Searching for the Agnes De Mille Theatre at UNC School of the Arts took me on a crisp walk through campus. Viewing UNCSA’s campus, you can feel the excitement of Fall and the high energy from students. Eventually my feet reached the entrance to the small black box theater. This theater holds an orchestra pit and is used primarily for A.J. Fletcher Opera Institute workshops and the UNCSA School of Dance, but on this night it hosted the award-winning UNCSA Jazz Ensemble.

The crowd settled into the nearly booked space, 177 seats total. They grew quiet in the blackness of the theater as the band walked on, warmed by a colorful backdrop. Instead of lights beaming and blinding the performers, this backdrop sent light onto the audience and created a silhouette of Ron Rudkin and the Jazz Ensemble.

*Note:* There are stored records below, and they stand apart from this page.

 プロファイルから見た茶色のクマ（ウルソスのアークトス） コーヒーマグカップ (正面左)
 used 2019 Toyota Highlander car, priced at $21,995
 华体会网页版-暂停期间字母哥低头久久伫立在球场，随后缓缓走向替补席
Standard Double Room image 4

The swing band’s program started with a challenging arrangement of Miles Davis’ “Four.” Afterwards, Rudkin introduced some of the program’s content. The piercing pink backdrop painted the audience a bright hue while the music of Bob Mintzer blasted through the small theater. One student played the güiro with more energy than I thought possible, while another donned an electrifying pink guitar. The ensemble sounded comfortable, extremely full, and balanced. In particular, the brass section had good range and power.

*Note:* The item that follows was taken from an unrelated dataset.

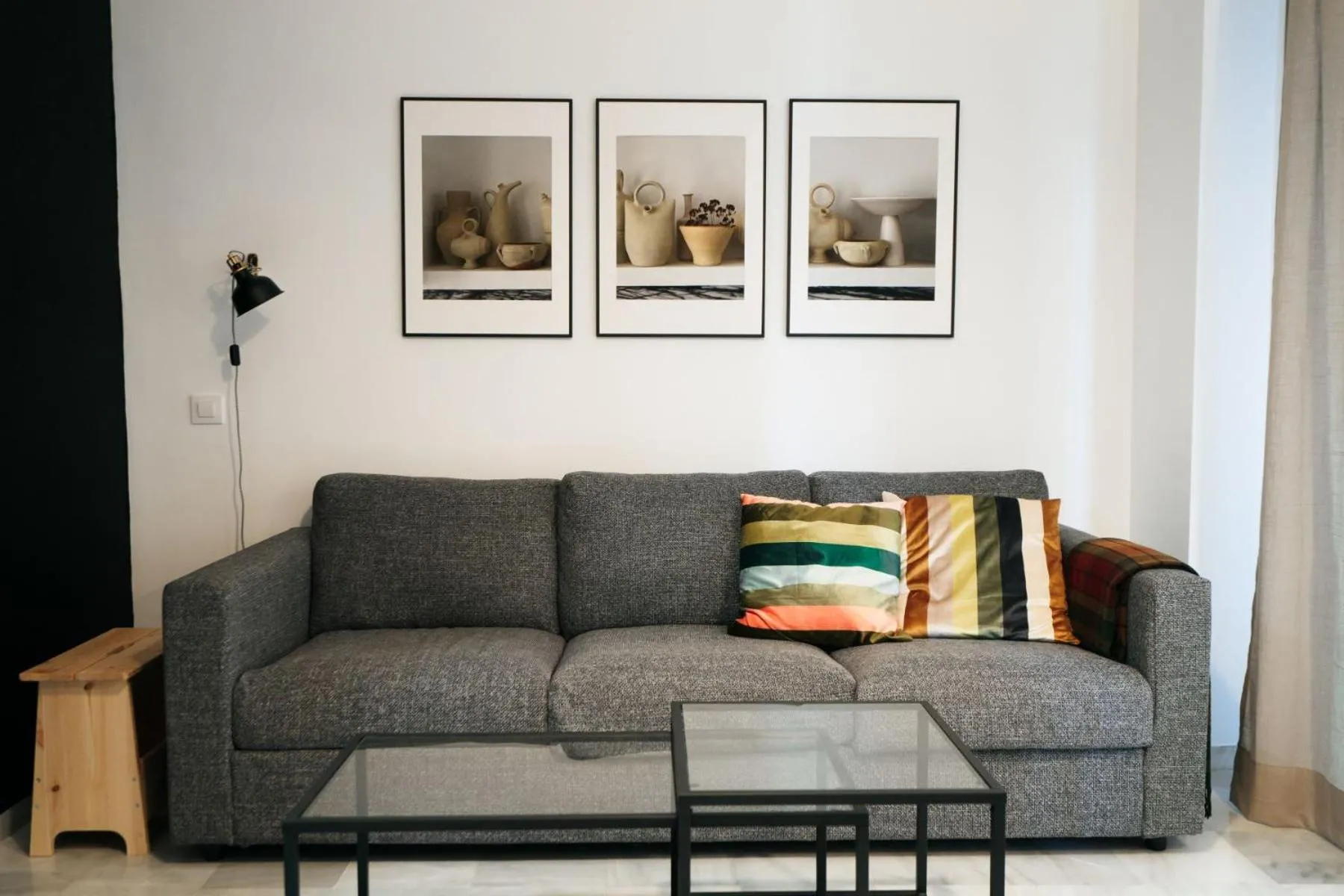Living room in Reyes Católicos Suite Apartment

The pink light shifted to red, another cue for the audience as the band sent off a trombone solo on “There Will Never Be Another You.” Trombonist and educator George West arranged this classic Harry Warren song. Based on this performance, West knew how to write for trombones and make them swing! A highlight of the piece occurred when the pianist created a pedal point, building tension between the trombones and rhythm section.

Paul Hanson entered the stage to play his 1961 piece “Janus and Tyche,” arranged for a big band by Bill Stevens, a North Carolina native. Hanson played a seemingly normal bassoon with a special microphone inserted into the bell. In conversation with Hanson afterwards, he said that the mic is transferable to saxophones. “Janus and Tyche” is very modern and could tell a story of the Roman god Janus and the Greek Tyche. Either way, watching an electric bassoon rip through a big band chart in triple meter is a once in a lifetime experience. Some of the melody is doubled in trumpet and bassoon, creating an odd texture. At certain moments, Hanson’s horn sounded like an electric guitar. His melodies sounded similar to Pat Metheny, but on bassoon. Hanson played another original, “Mediums,” and then paused for intermission. A guest flutist joined the band onstage for “Mediums” as well.

The second half of the concert maintained the first half’s energy. Pianist Ryan Mulder was unexpectedly welcomed onstage to play “Wayfinder,” an original he wrote for Hanson two years ago. The piece moves in a through-composed fashion and is written for just bassoon, piano, bass, and drums. As a through-composed piece, “Wayfinder” kept evolving into something else. Since through-composed music contains no repetitions, it can be more difficult to write catchy or impactful tunes. However, this did not stop Mulder. He inserts funk influences and contemporary sounds into this piece. He also studied film at UNCSA which may influence his writing choices/scoring for soundtracks.

The last two songs brought electric contrast. The band played “Anthropology,” featuring sax soli transcribed from a Charlie Parker solo on “Bird.” After “Anthropology,” “Cabeza De Carne” exploded with Latin energy. Humorously, at the end of the latter piece, Rudkin fumbled the mic and dropped it, but the audience assumed it was a proud “mic drop” moment. The band left the stage, but clearly planned to return for an encore. The band’s final song was Cole Porter’s “Just One of Those Things.” As the guest artist, Hanson could have been featured in the last songs on the program, but keeping him mostly in the first half was an artistic choice that kept the audience on their feet. While the program and instrumentation were quite diverse, the soloists were not. It would have been effective to see a greater diversity of student soloists as well. Overall, the UNCSA Jazz Ensemble played proudly through an entertaining concert that contained a variety of repertoire.